Without a doubt, the hostel's room rate would bring in a different segment of the tourist market than the above mentioned proposed hotels, which would cost around 10 times more per night.

"At the beginning we didn't know if it would be possible or profitable," Sentilles said of the project that would target guests age 20 to 35. "Fortunately, since they already own the building, the expense won't be too large, just the cost of operating staff."

While the penthouse condominium on the top floor would remain, the other three floors would be gutted and redesigned to include beds, lockers, lounges and a kitchen area, among other facilities.

As the outside of the building will remain unchanged, the renovation will not require a design review or public hearing process.

However, Sentilles and Campbell were in front of the council not only to publicly introduce the plan, but also to begin solving the greatest stumbling block: inadequate available parking.

While the city's ordinance governing parking allows seven on-site parking spaces, Sentilles said that this would not satisfy practical demand of the hostel, which would need around 30 spaces based on a 50 percent occupancy rate.

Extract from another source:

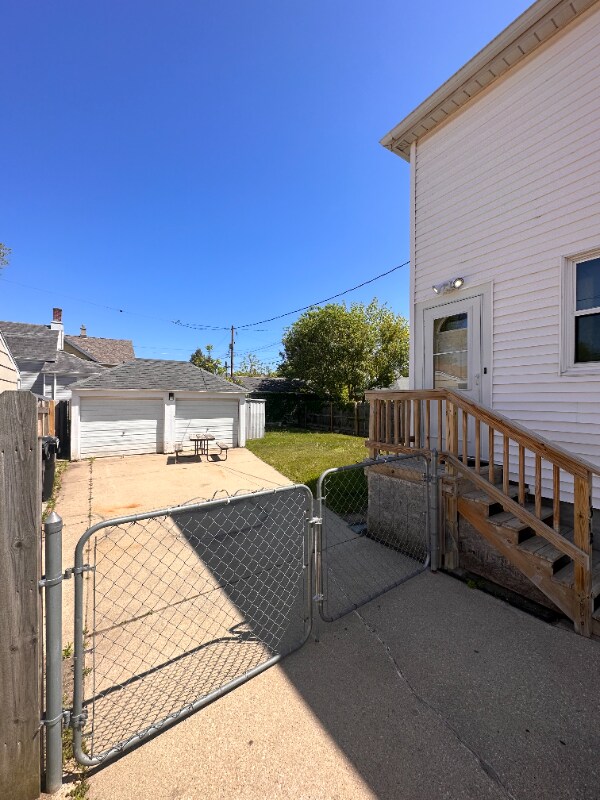 Building Photo - 1312 Yout St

"If we can't park 30 guest cars, we can't really run the business," Sentilles said.

To address this need, Sentilles proposed leasing a portion of Ketchum's Park 'n Ride lot, located next to the Wood River Community YMCA, for hostel guests.

Guests would then be able to walk or take the bus back downtown.

While the council didn't schedule a meeting to discuss this proposal, Sentilles said they're hoping to be back before the council next month.

Ketchum Mayor Randy Hall said that although there could be a problem with future use of the parking lot, he supported the project in general.

"I think this is a great idea and the location is perfect," Hall said during the meeting. "We need this kind of product."